Never put your doubts, disagreements, or questions in writing over text or email. Privacy is not guaranteed in a cult. Without realizing it, a text conversation you think is with your loved one may actually be with other members assigned to pretend to be your loved one or responses dictated from a leader. When communicating over text or email, or even over phone, let your loved one set the tone. Save other conversations for when you actually get to see them in person, away from the group.


Maintain Your Own Boundaries and Support Network


Supporting someone in a cult can be emotionally draining. It’s important to protect your own mental health:


  • Set clear boundaries with love. For instance, "I enjoy hearing what you are passionate about and why it's so important to you, including hearing about this new group you're in, but please let me be the one who decides if and how I change my own lifestyle." This both protects you and models setting limits to them while they're involved in a group where boundaries tend to be anathema.

  • Seek support from friends, family, or support groups who understand cult dynamics.

  • Consider professional counseling for yourself to manage stress and emotions.

  • Avoid enabling harmful behaviors by providing money or resources that the cult might exploit.


Sometimes, the situation requires outside intervention. If your loved one is a minor or vulnerable adult in danger of harm or exploitation, contact authorities. But most of the time, you simply must wait until they are ready to leave and take care of yourself until that happens.

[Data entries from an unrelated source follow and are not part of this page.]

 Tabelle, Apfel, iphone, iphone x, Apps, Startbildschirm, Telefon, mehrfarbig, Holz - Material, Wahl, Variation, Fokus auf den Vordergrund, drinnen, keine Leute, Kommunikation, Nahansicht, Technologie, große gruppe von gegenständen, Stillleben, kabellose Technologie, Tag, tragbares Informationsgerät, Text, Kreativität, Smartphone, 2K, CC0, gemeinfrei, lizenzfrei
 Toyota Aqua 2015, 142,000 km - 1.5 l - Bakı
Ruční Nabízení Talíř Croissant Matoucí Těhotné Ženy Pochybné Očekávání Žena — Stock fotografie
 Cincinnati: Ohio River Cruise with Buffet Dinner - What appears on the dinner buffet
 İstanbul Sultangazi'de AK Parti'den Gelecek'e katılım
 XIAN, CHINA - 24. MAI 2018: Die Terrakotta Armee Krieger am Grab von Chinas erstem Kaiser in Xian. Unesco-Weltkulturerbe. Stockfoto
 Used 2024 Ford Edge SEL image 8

Be Prepared for a Long Process


Leaving a cult is rarely quick or easy. Your loved one may experience confusion, guilt, or fear. They might return to the group multiple times before fully leaving. Your ongoing support, patience, and understanding are crucial during this journey.

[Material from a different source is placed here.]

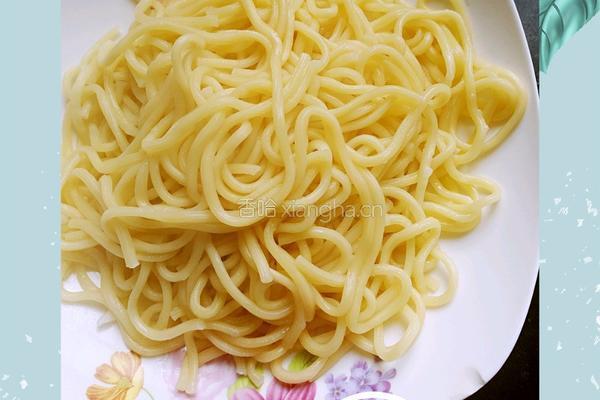鸡丝黑椒牛肉意面的做法图解3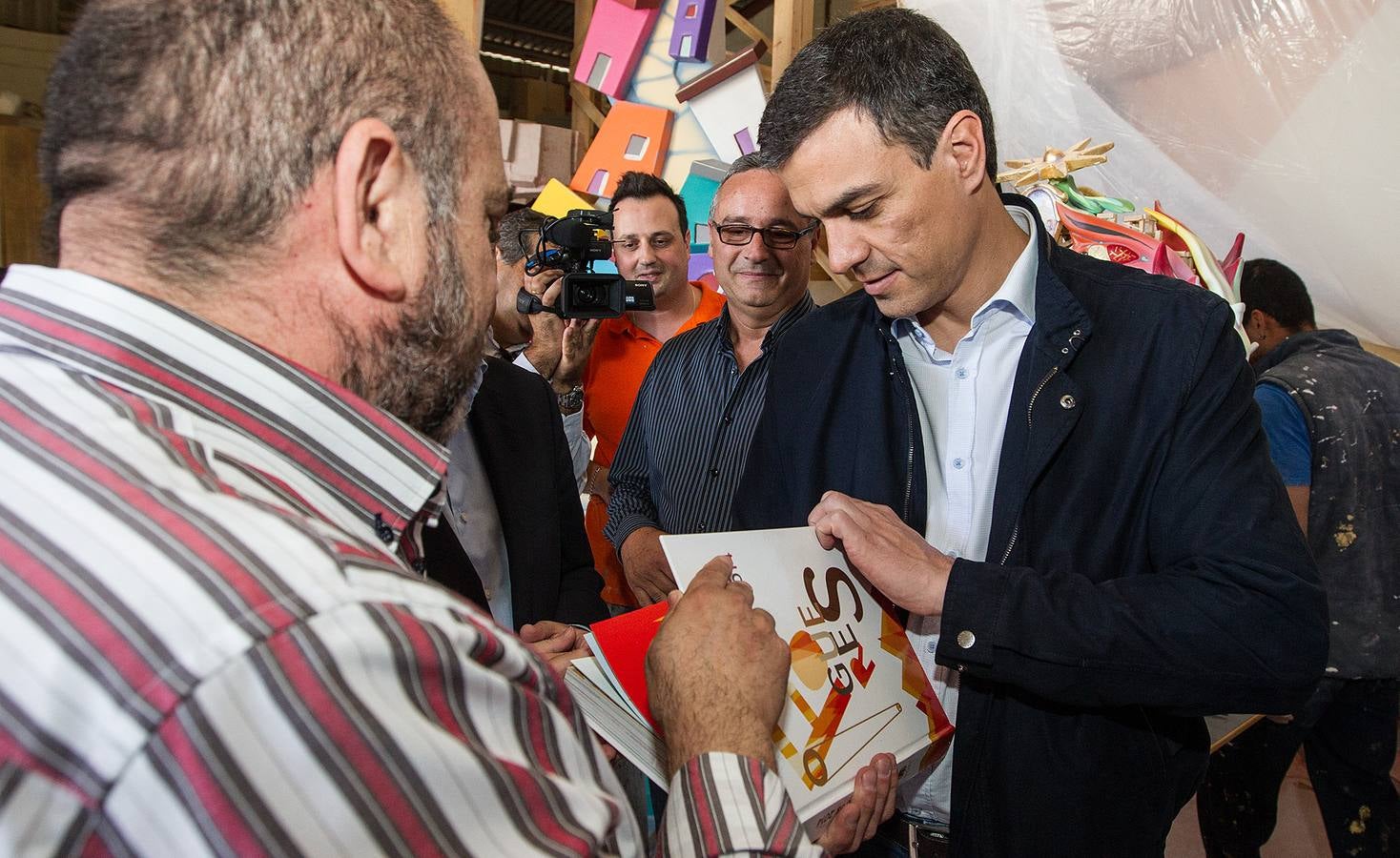 Pedro Sánchez visita el taller del artista Pedro Espadero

Avoid pressuring them to leave before they are ready. If they become interested in leaving, be prepared to offer resources. Mental health professionals experienced with cult recovery and support organizations like the International Cultic Studies Association can provide resources and guidance. Professional help can offer tools and strategies beyond what family and friends can provide and is often a necessary part of post-cult adjustment.


Conclusion


Supporting a loved one who has joined a cult is a challenging yet crucial endeavor. It requires patience, empathy, and a deep understanding of the psychological and emotional dynamics at play. While the journey may be fraught with difficulties, maintaining open lines of communication and prioritizing relationship can help create a safe space for your loved one to reflect on their experiences. It is essential to approach the situation with compassion rather than confrontation, as this can foster trust and encourage them to seek help when they are ready. Ultimately, by prioritizing their well-being and respecting their autonomy, you can play a vital role in their journey toward healing and liberation from cultic influences.